How to deal with invasive Japanese knotweed in your home in February heatwave
The dream trio of Judge Rinder, Mel Hunter and Jane Hamilton tell you how to spend your money and how to save it
EXPERTS are predicting the hottest February day ever this coming week – but the unseasonably warm weather is predicted to boost the growth of invasive Japanese knotweed.
The superfast-growing species was imported to the UK as an ornamental plant, but its roots can undermine walls and foundations, with most insurers denying payouts for damage.
Many mortgage firms also refuse to lend cash on a home which has knotweed nearby.
Knotweed expert Dr Peter Fitzsimons, of the Property Care Association’s Invasive Weed Control Group, says knotweed usually starts growing from April, but adds: “The climate so far is looking like it will provide the type of conditions for Japanese knotweed to take hold earlier this year.”
So what should you do if you fear knotweed is on your property? Here are the top dos and don’ts.
DO:
- Seek expert help. Landowners are legally responsible for “controlling and remediating” knotweed infestations and the quicker you deal with it, the less it will have spread.

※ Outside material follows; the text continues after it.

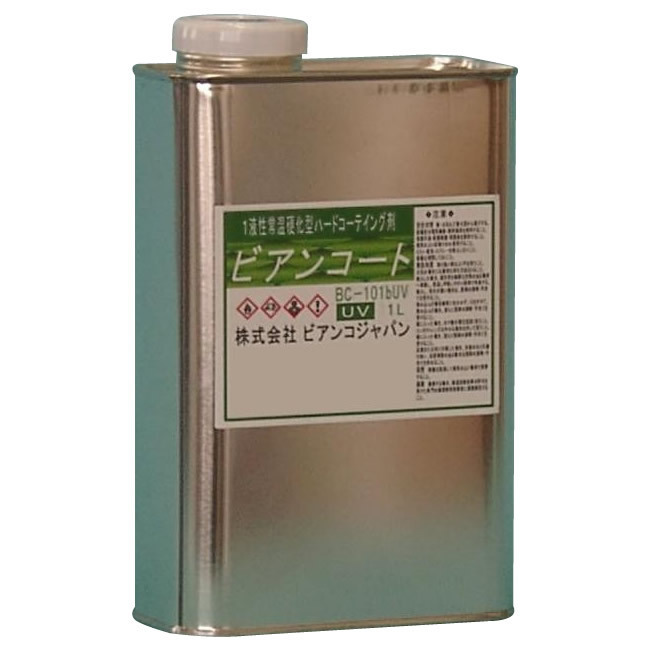 ビアンコジャパン(BIANCO JAPAN)　ビアンコートB　ツヤ有り(+UV対策タイプ) 1L缶　BC-101b+UV_画像1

- Team up with neighbours. The plant can spread quickly along several gardens so work together to get rid of it.
- Check tools, soil, machinery and other equipment brought on to your property are free of bits of knotweed root. Also clean soil and plant debris from outdoor footwear and vehicles.
- If you live in an area known for knotweed, your mortgage firm may insist on a survey. Check with them before selecting a professional.
DON’T:
- Cut the plant down and try to cover it up as it will rapidly regrow.
- Deny the problem. If you have sold the house, there could be a legal claim against you.
- Try to remove the plant and put it in the local authority compost collection. This is breaking the law as composting does not always kill roots.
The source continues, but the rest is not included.